First, the researchers used a laser to cut “bricks” out of borosilicate glass sheets, which were then laminated. Then the team aligned and arranged the sheets so that the final product mimicked the three-dimensional structure of mother-of-pearl, with a type of plastic (called ethylene-vinyl acetate) acting as the “mortar.”

The new glass performs seemingly flawlessly. It’s transparent, does not produce any image distortions and instead of breaking under high stress, it bends. It also outperforms Plexiglass, two types of tempered glass and laminated glass in its impact resistance, the researchers report Thursday in the journal Science. All while being just as strong as laminated glass.

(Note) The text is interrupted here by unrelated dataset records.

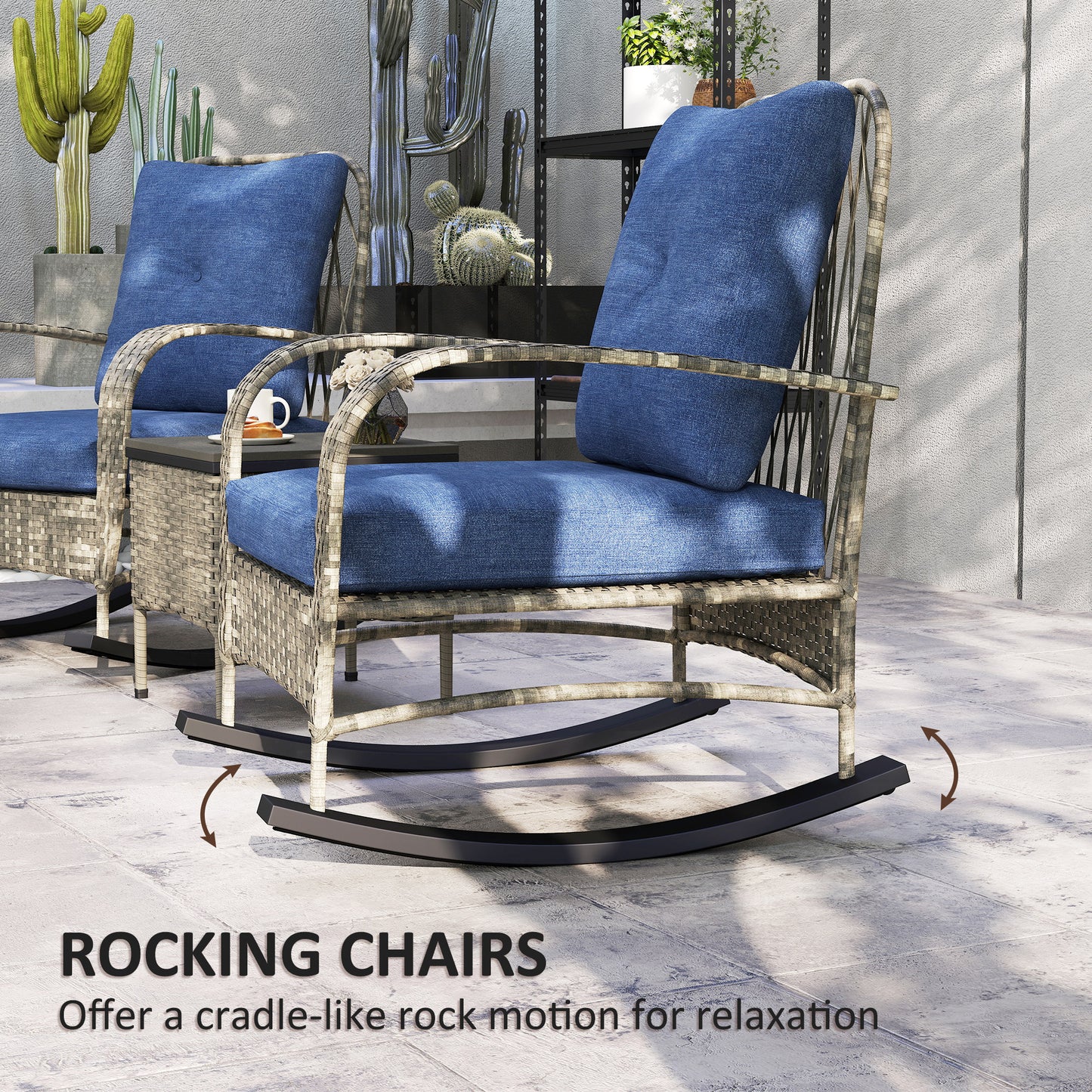 3 Piece Wicker Patio Furniture Set, Outdoor PE Rattan Rocking Chairs With Coffee Table, Cushions For Porch, Gray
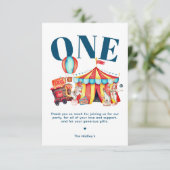 Carnival Circus Big Top Blue Vielen Dank Karte (Stehend Vorderseite)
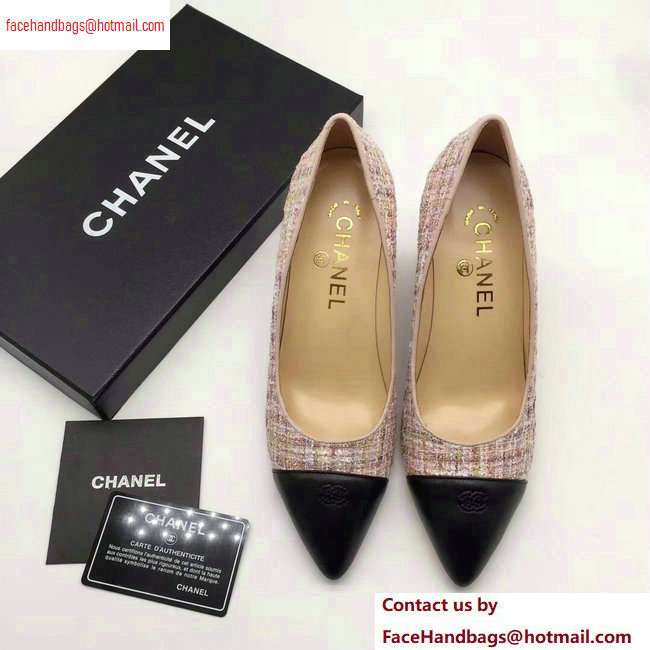 Chanel Chain Heel 8cm Wedge Pumps Tweed Pink 2020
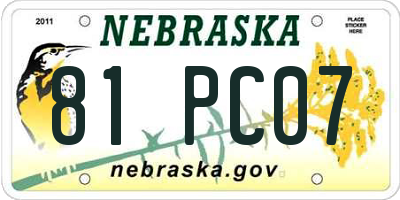 NE license plate 81PC07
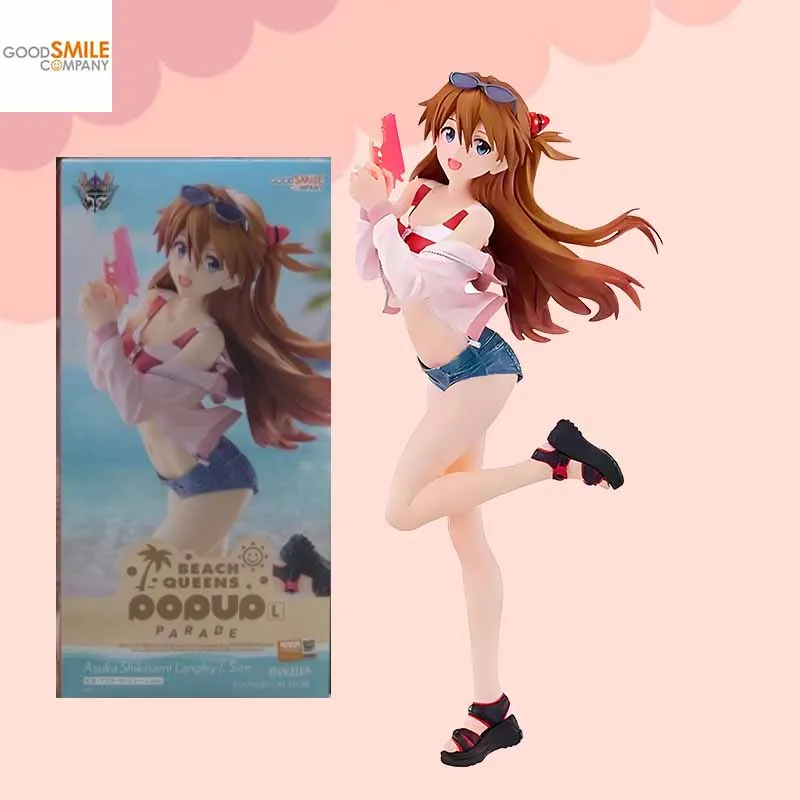Gsc original pop up desfile praia rainha anime figura asuka shikinami langley l tamanho figura de ação brinquedos para meninos/meninas presente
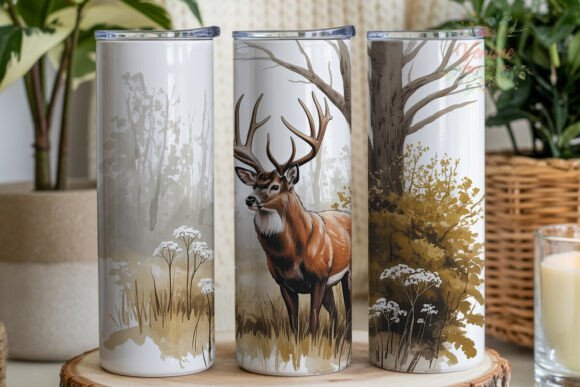 Download Woodland Deer Art 20oz Tumbler Wrap - Deer Collection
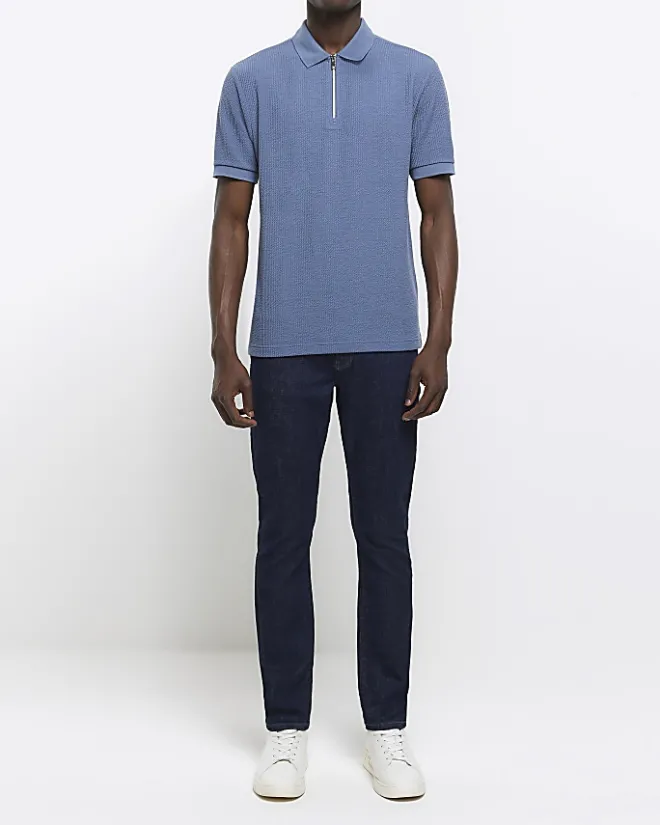 River Island Regular Fit Textured Zip Neck Polo Blue Discount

Plus, when the new material does break, it does so in a “graceful” fashion, says Barthelat. “Instead of breaking catastrophically with many cracks and shards like regular glasses, our material is much tougher: It ‘dents’ and deforms instead of cracking.”  

That means materials made from the new glass would be more resistant to chips, cracks and even small punctures. Barthelat says there are countless applications for the bioinspired glass — everything from windows and windshields to solar panels and touchscreens. And it won’t be that hard to manufacture, he says.

“Our fabrication method is relatively easy and scalable,” Barthelat says. “One could make industrial volumes of this material very easily and at a reasonable cost.”